*** Opening ENTRIES SUPPLIED ***

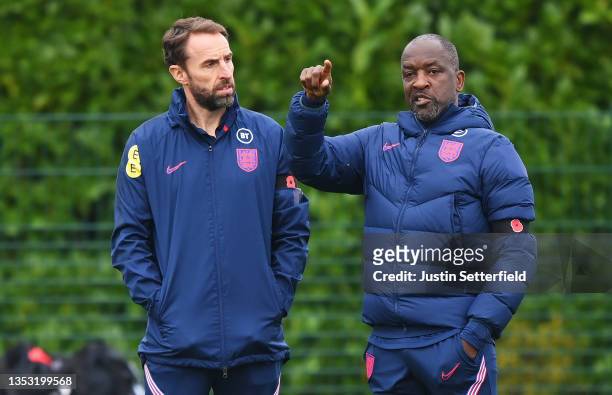 Gareth Southgate, Manager of England speaks to Chris Powell, Coach of England during the England Training Session at St George's Park on November 14,...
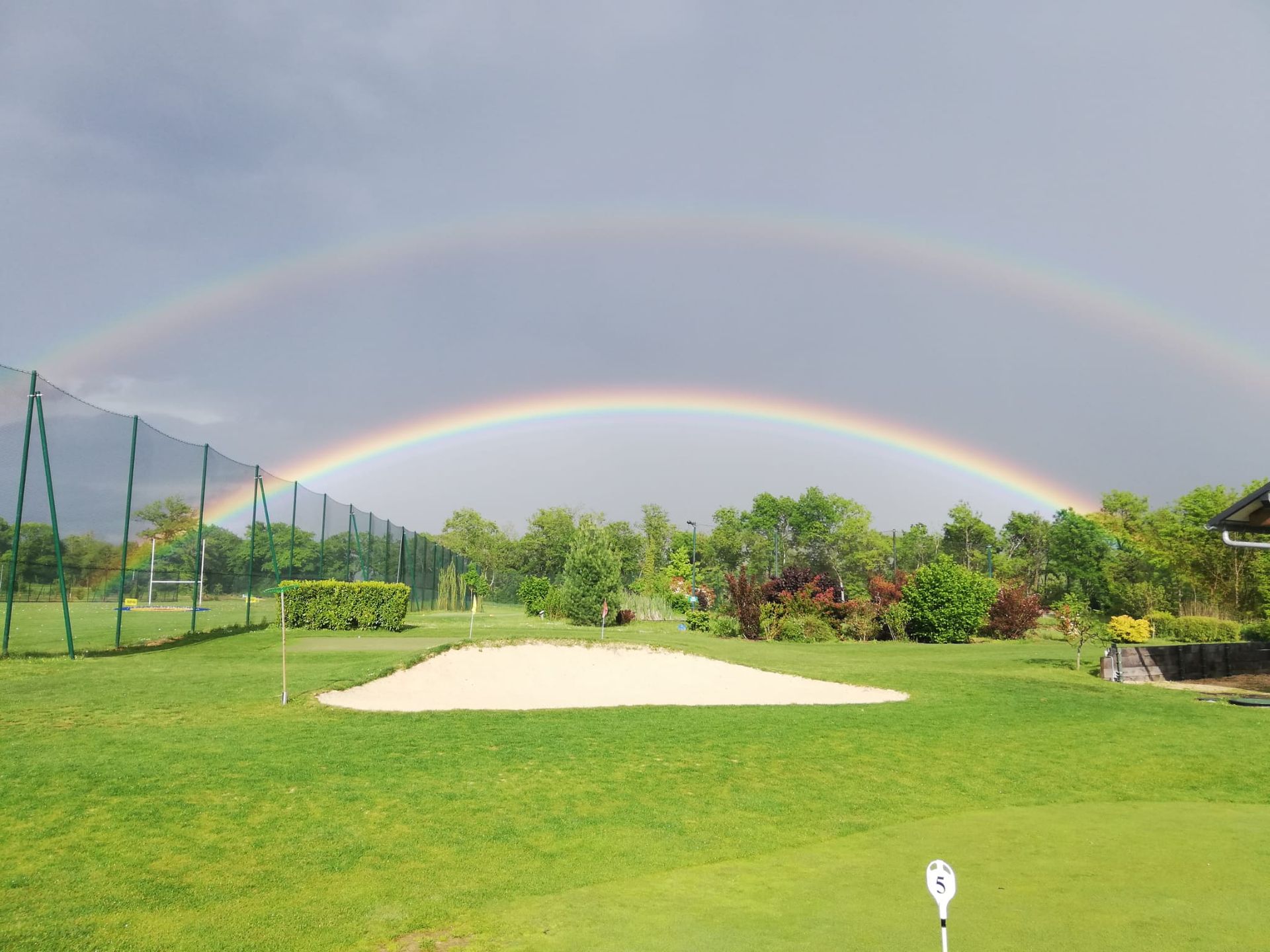 Terrain de golf avec un green sous un double arc-en-ciel, un bunker de sable et des arbres sous un ciel nuageux.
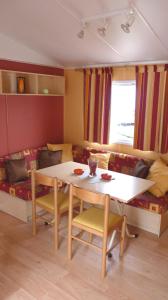 a living room with a table and a couch at Camping Sable d'Or 3 chambres in Cap d'Agde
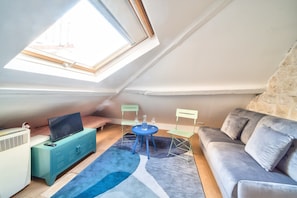 Una habitación compacta en el ático, con techo inclinado, televisor sobre un mueble verde azulado, sofá gris, mesita con silla y tragaluz.
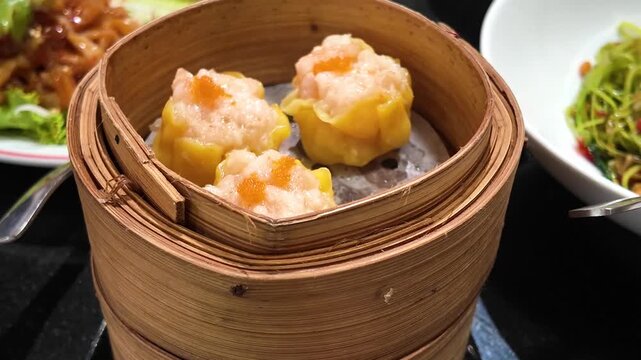 Closeup of siu mai in bamboo steamer

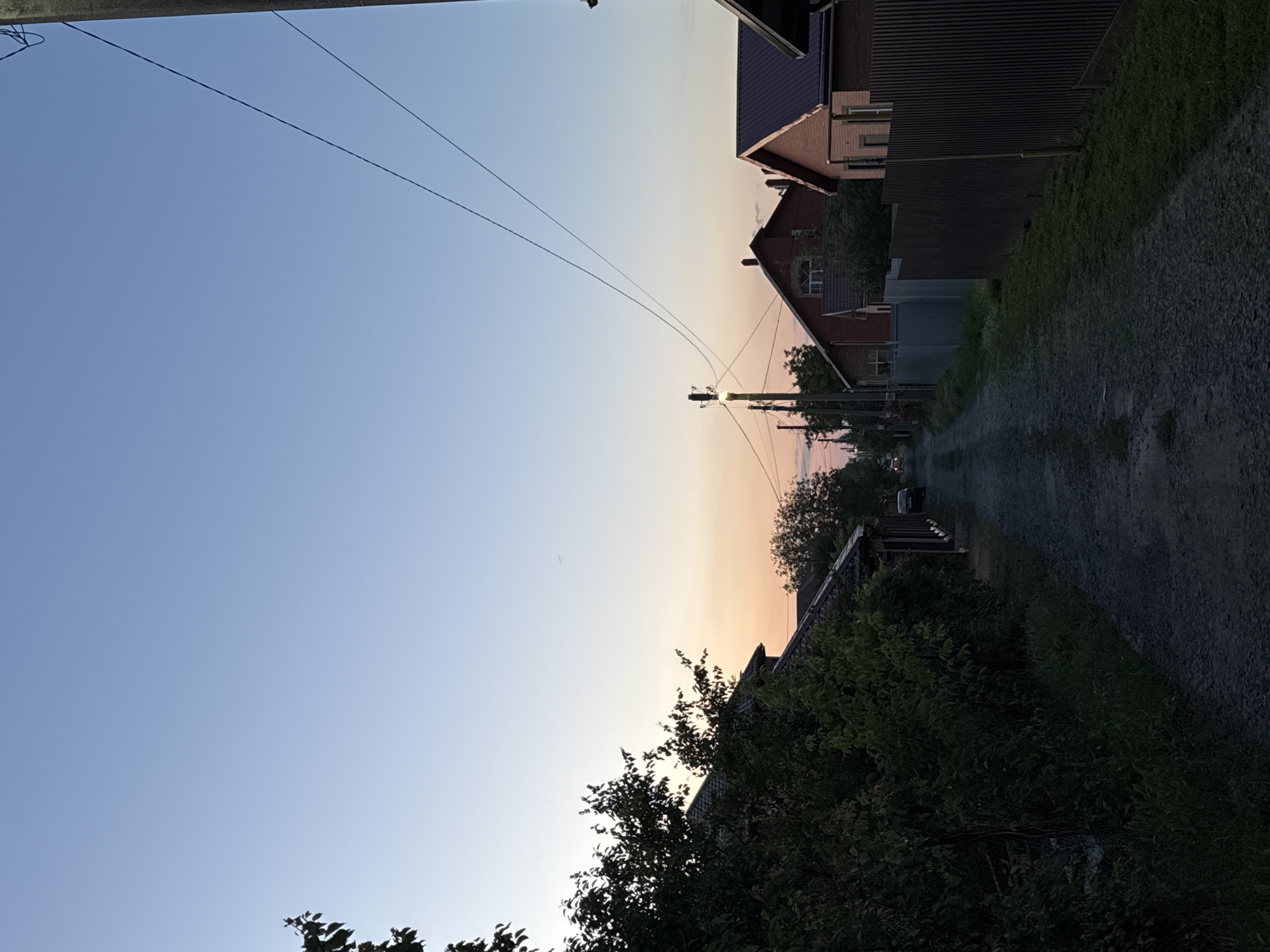 The image depicts a rural street in Grushevskaya, Russia, at dusk. The sky transitions from a pale blue at the top to a soft gradient of pink and orange near the horizon. A gravel road runs through the center of the frame, flanked by houses and fences on either side. To the left, dense green foliage obscures some of the houses. The houses on the right are more visible, featuring brick exteriors and dark-colored roofs. Overhead, power lines are strung between utility poles. A single car is visible in the distance down the road. The overall atmosphere is quiet and serene, characteristic of a rural setting during twilight.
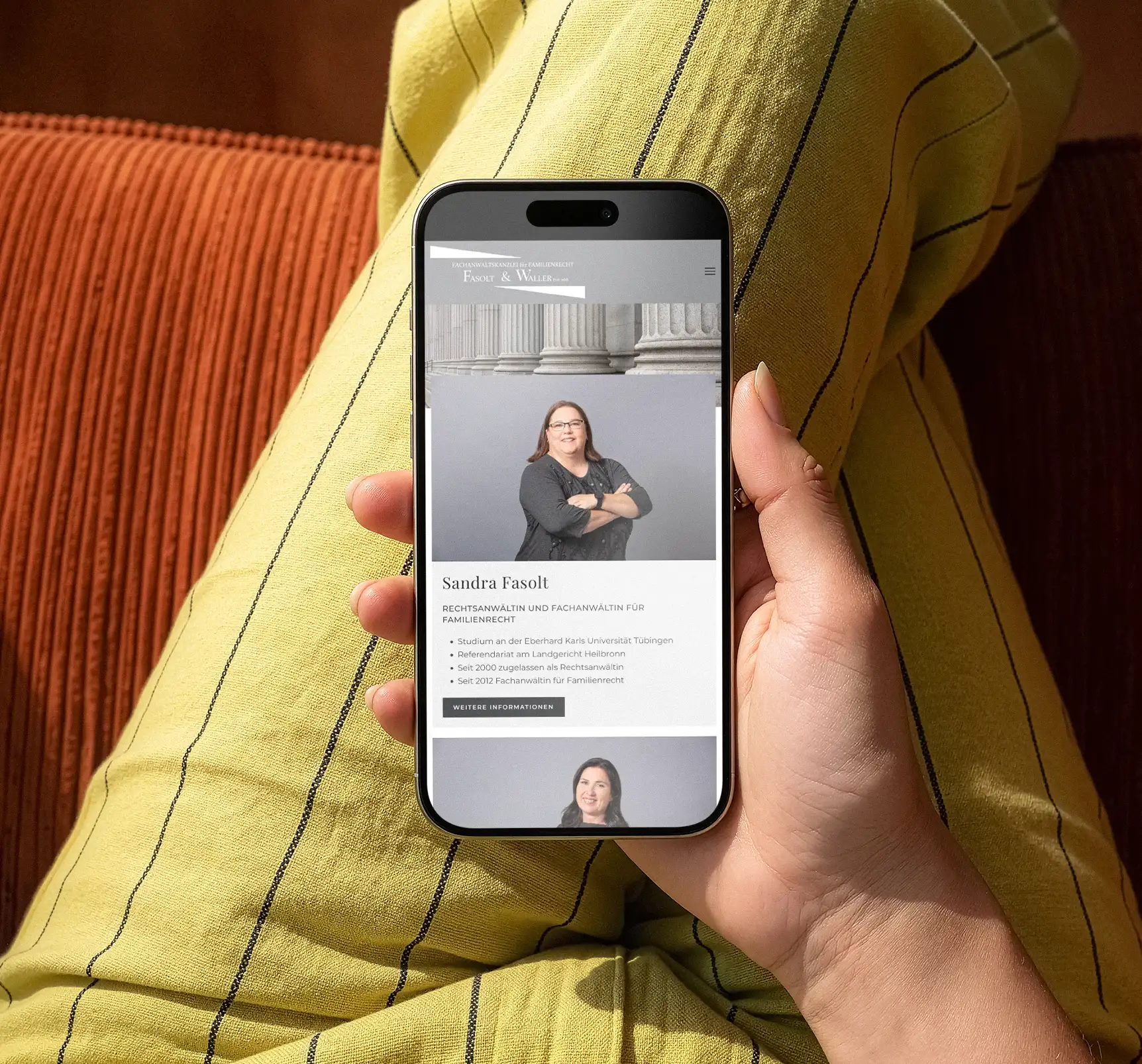 Frau sitzt auf Sofa und bucht Termin über Smartphone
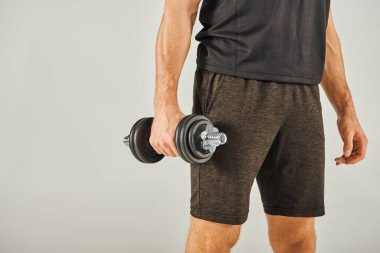 Aktif giyinen genç bir sporcu, gri arka planı olan bir stüdyoda bir çift dambılı kaldırır..
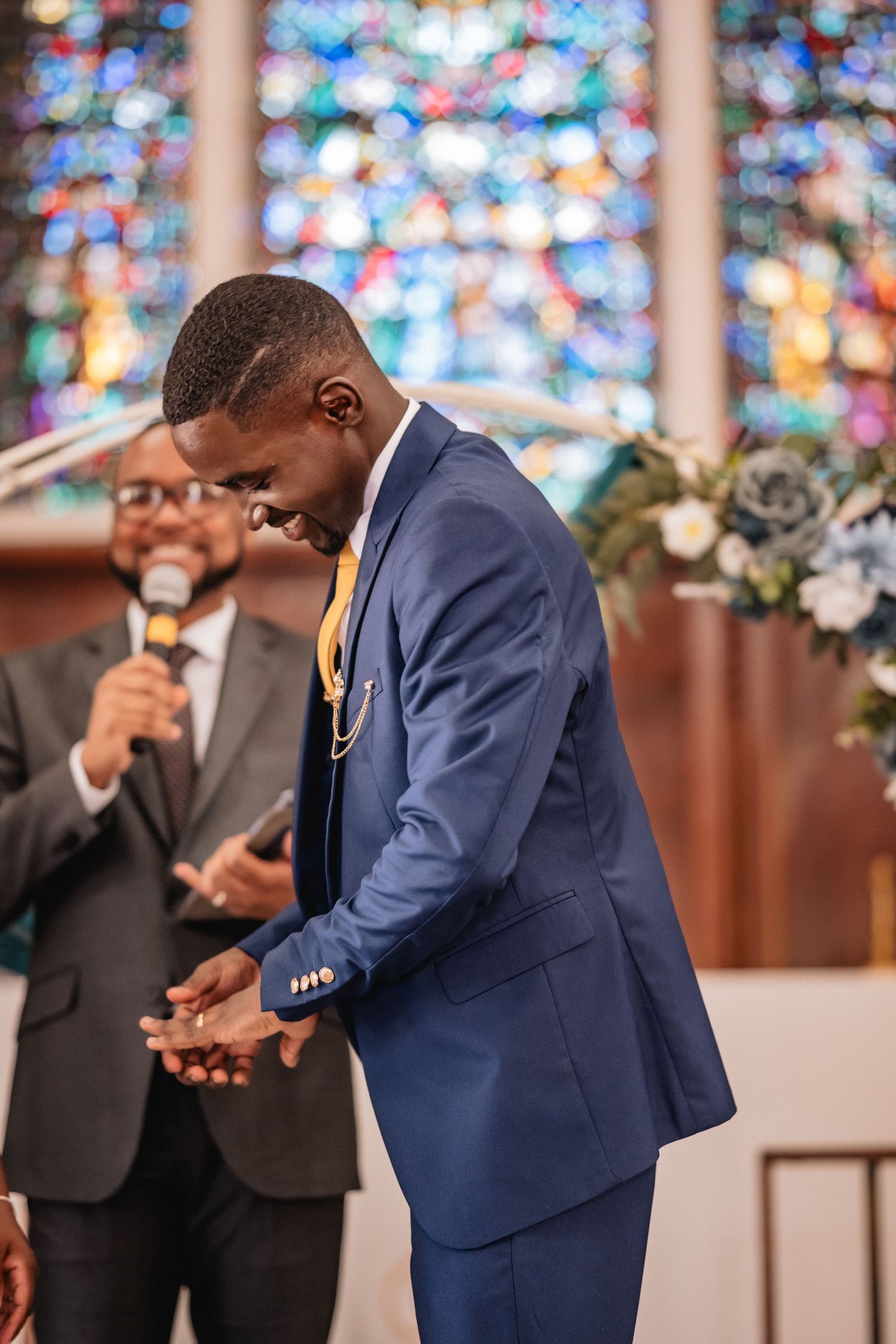 Groom in blue suit laughing joyfully at church altar with colorful stained glass window backdrop during wedding ceremony.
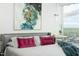 Modern bedroom with a grey headboard, soft bedding, a nightstand, and large window with city views at 110 N Corcoran St # 2502, Durham, NC 27701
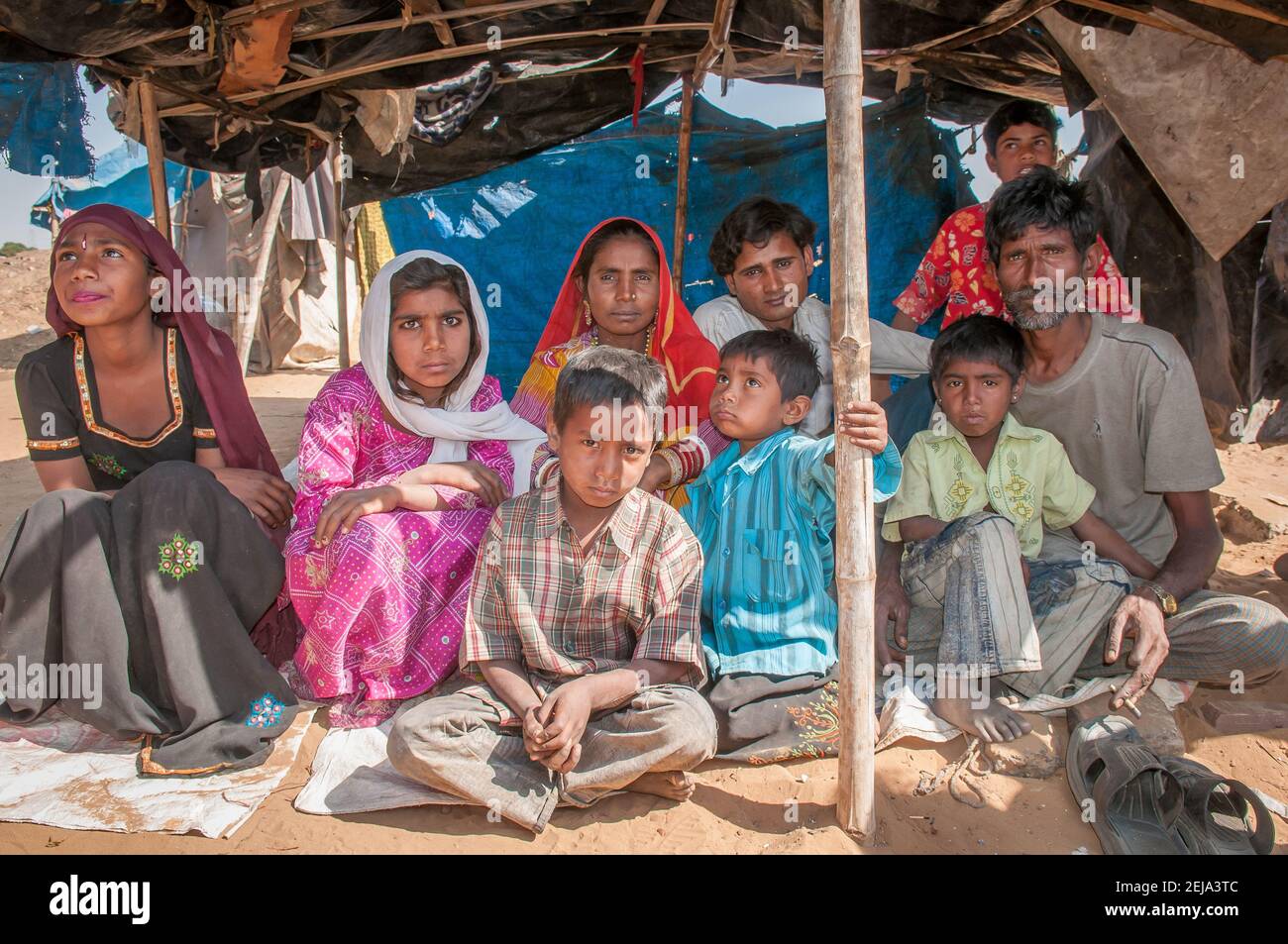 Rajasthan. India. 07-02-2018.Family in their humble dwelling in rural community. Specially low caste people suffer from extreme poverty and luck of op Stock Photo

*** Closing ENTRIES SUPPLIED ***

→ WORK ITEM:
Pictures do not belong in the copy. Repeat exactly each line from the one with "Frau sitzt auf" through the end of the listing.

→ COMPLETED EXERCISE:
 Frau sitzt auf Sofa und bucht Termin über Smartphone
 Aktif giyinen genç bir sporcu, gri arka planı olan bir stüdyoda bir çift dambılı kaldırır..
 Groom in blue suit laughing joyfully at church altar with colorful stained glass window backdrop during wedding ceremony.
 Modern bedroom with a grey headboard, soft bedding, a nightstand, and large window with city views at 110 N Corcoran St # 2502, Durham, NC 27701
 Rajasthan. India. 07-02-2018.Family in their humble dwelling in rural community. Specially low caste people suffer from extreme poverty and luck of op Stock Photo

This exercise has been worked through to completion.